Angstrom CEO Lalit Jain said the Opteron systems are "in many cases, faster than Itanium", but he isn't allowed to mention performance numbers yet--not even BogoMips.
"We're working on getting LinuxBIOS support", Jain said. He anticipates the dual Opteron system will boot in 3-5 seconds with LinuxBIOS.
Another vendor offering Opteron systems is RackSaver. The RackSaver form factor is vertical, with fans mounted in the rack, not on the individual system. That means better cooling, fewer fans and less noise, said RackSaver's Gene Kim.
Cyclades console access servers, which support OpenSSH, are great for logging into your boxes (those without on-board service processors) remotely, but until now the company didn't have an easy way to remotely power-cycle them. New at the show is the PM8, a power strip with a serial port. You won't know you need this device until you're sitting in front of a blank xterm wishing you could power-cycle a faraway system.
Over at the dot-org area, Linux's Lord of the Dance, Brendan Becker, demonstrated PyDDR, a free Dance Dance Revolution clone written in Python. "I'm not actually dancing. It's a dance simulator simulator", he said. Also in dot-org land, the GNOME Foundation was happy to announce Bitstream's contribution of a font family under a freedom-compatible license. The fonts, called Vera Sans, Vera Serif and Vera Sans Mono, are good-looking at a variety of sizes and work with any free software, not just GNOME.
How do you put Linux on the desktop without touching the computer? Put in voice-over-IP (VoIP) phones that run Linux, and while you're at it, put a Linux-based VoIP PBX in the phone closet. Todd Esposito, CEO of Alescere, pointed out the ROI advantages of rolling out a Linux VoIP solution--half the hardware price of conventional office phones, no tolls for interoffice calls over the VPN and no charge for phone installs--just plug the phones into the network.

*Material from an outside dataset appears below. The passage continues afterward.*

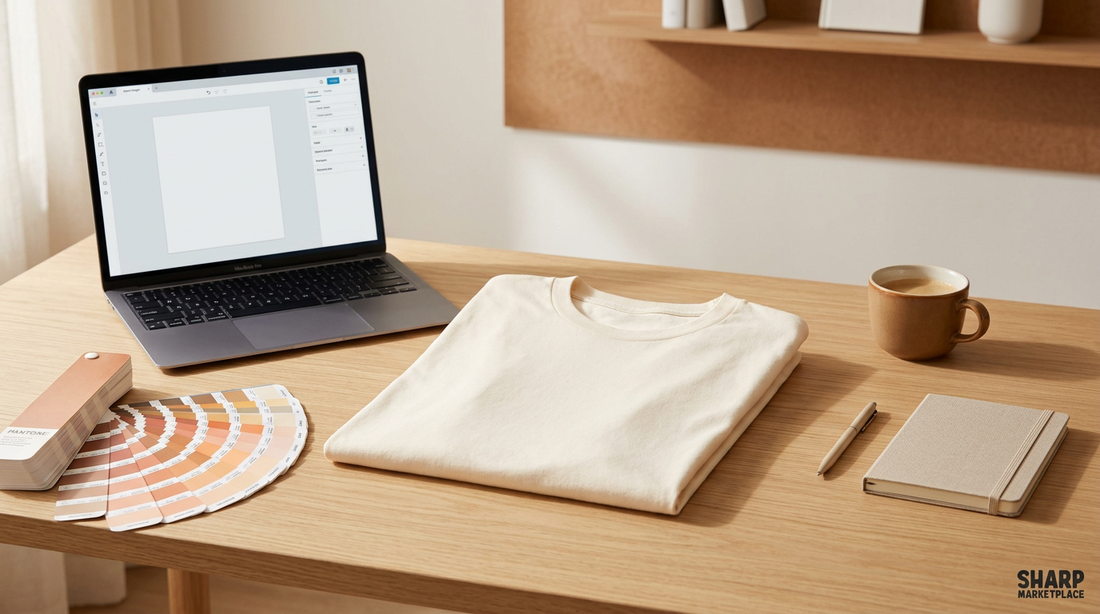 A clean workspace showing a blank folded t-shirt next to a laptop displaying print on demand designs.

Linux-based VoIP phones, such as the Snom 200, have a built-in Ethernet hub, so you can easily connect the phone between the Ethernet jack and the user's PC.
If you want to break into a fast-growing IT market fast, look for products that people will sue you for sexual harassment if you don't have. That's becoming the case for spam filters, said Chris Kraft of ActiveState. Just think of the rudest spam you ever received going to your most litigious employee.

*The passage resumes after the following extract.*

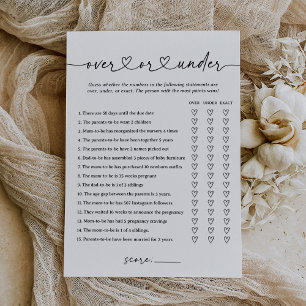 Modern Script Baby Shower Over or Under Game Invitation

ActiveState's PureMessage uses SpamAssassin-like pattern matching and scoring but runs faster than SpamAssassin, making it suitable for more users on a server. It works with Sendmail's milter interface and ships with a copy of the free version of Sendmail, or it can be plugged into your existing Sendmail server.
Unisys, the last large server hardware vendor to maintain a Linux-free set of product offerings, will be supporting the United Linux-based SCO Linux 4.0 on its high-end ES7000 series servers. The servers have up to 32 IA-32 processors and 64GB of memory, and they can be split into up to eight partitions.
SCO currently is qualifying Linux on next-generation, Itanium-based Unisys servers. The SCO announcement represents a significant course correction from the company's earlier, unsuccessful efforts to promote the ES7000 series as a solution for only Microsoft Windows in the data center. "We're always keeping an eye on things. We're not stupid", said Derek M. Rodner, Senior Manager, Enterprise Server Marketing.
Don Marti is editor in chief of Linux Journal.